Abbott himself likens it to acting “through a funnel,” forcing a big performance through a tiny outlet, and on a shoot that lasted only 18 days, one of them was entirely devoted to this torture scene. “As kind of fun and funny as it is, it was obviously a bit tiring to have to basically try and throw up and gag,” says Abbott, whose character starts vomiting up the drugs. “It kind of makes you want to actually throw up after a little while. It was physically intense to have to do that over and over.”

Getting to Know Jackie

A unique part of Piercing is that you’re basically watching a two-person play in very static sets where the main characters devote all of their attention to one another, while each one has no idea what the other is thinking. Reed is sure that Jackie is consenting to die, while Jackie sees the whole night as some elaborate murder play without recognizing the endgame of Reed’s fantasy. Pesce likened it to directing them in separate scenes where they happened to share space with each other. Both Abbott and Wasikowska read the whole script as well as the novel, but Jackie and Reed are meant to be using each other as vessels for what they need without interrogating what put them in this situation in the first place.

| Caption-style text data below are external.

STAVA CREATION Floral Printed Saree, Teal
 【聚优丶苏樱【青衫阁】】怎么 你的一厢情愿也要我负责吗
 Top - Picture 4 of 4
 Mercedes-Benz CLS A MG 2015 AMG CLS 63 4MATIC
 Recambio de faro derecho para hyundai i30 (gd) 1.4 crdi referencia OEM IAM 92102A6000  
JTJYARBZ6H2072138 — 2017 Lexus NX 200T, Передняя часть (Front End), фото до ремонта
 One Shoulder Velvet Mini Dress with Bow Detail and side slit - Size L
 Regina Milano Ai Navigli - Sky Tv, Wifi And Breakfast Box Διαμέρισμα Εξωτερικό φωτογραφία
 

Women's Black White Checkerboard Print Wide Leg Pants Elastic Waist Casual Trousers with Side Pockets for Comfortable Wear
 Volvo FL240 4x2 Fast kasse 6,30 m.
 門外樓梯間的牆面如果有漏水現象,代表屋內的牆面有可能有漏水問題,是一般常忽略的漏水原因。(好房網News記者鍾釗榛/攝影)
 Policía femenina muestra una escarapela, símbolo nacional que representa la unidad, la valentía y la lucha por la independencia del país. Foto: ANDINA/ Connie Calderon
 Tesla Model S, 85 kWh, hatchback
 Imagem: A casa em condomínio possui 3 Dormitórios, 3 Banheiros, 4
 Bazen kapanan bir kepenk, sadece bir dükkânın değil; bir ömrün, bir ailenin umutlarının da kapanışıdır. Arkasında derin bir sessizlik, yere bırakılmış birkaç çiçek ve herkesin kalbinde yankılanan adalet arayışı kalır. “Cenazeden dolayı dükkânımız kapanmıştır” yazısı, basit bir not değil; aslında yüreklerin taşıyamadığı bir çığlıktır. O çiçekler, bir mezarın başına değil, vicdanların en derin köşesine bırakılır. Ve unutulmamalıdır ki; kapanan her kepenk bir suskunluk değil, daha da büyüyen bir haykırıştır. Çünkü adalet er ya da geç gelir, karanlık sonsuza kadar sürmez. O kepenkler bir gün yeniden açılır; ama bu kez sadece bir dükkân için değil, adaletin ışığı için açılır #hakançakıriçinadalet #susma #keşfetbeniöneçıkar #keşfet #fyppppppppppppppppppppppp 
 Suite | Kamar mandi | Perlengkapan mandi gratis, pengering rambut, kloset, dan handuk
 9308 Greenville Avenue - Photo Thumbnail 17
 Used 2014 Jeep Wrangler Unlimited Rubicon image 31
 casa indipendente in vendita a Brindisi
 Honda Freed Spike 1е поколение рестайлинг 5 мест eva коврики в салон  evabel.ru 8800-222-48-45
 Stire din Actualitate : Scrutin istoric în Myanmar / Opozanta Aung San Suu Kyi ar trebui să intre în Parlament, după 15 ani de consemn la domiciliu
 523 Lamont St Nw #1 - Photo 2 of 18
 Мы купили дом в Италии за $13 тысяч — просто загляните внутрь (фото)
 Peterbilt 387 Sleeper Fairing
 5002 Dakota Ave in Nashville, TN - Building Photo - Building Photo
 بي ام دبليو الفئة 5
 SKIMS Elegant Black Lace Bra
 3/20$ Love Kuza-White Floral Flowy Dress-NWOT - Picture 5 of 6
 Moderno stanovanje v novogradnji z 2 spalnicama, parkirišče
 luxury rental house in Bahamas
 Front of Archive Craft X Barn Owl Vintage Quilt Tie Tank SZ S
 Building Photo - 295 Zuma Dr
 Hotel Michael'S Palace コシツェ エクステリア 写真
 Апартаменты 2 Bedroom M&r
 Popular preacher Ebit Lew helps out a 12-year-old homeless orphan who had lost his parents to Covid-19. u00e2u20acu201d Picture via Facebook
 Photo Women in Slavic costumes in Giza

That all changes in the climax. When Reed briefly comes out of his haze, he starts binding Jackie’s wrists with rope. She giggles and readily opens her mouth so he can insert the gag, but then he tells her explicitly that he’s going to stab her with an ice pick, and she violently protests. Still groggy, he whimpers, “I thought this is what you wanted!” while she screams, and for the first time in the whole movie Jackie and Reed understand each other. Reed begins to lose his drive when it’s clear this murder is not consensual, and we realize that Jackie, who has seemed fully suicidal from the minute she walked onscreen, has just been looking for someone as lonely and wicked as her to play with. She wrestles him off, and he passes out once more.

It’s a strange a-ha moment that manages to feel tender thanks to the weird world that Pesce spent hours building, which comes with its own set of social conventions defined by two equally disturbed people. At this point the audience is judging Reed and Jackie by their value system, not ours, and it’s all held together by the bizarre, believable chemistry between Abbott and Wasikowska. And even though we enter the film from Reed’s point of view, it’s the destabilizing presence of Wasikowska — a trippy sprite who somehow always manages to be both aloof and engaged, whimsical and deadly serious — that creates the tonal palette of Piercing. When the torture gives way to the film’s final shot, it turns out we had been watching Jackie’s romantic fairytale the entire time, a dissonance that invokes Pesce’s troubled heroine searching for connection (also via torture and murder, of course) in Eyes of My Mother.

“As much as like there’s a power struggle on the surface, I think it’s more about like a constant misunderstanding that they’re having with one another,” says Abbott. “It’s a platonic kind of love story, but it’s like finding your soulmate.”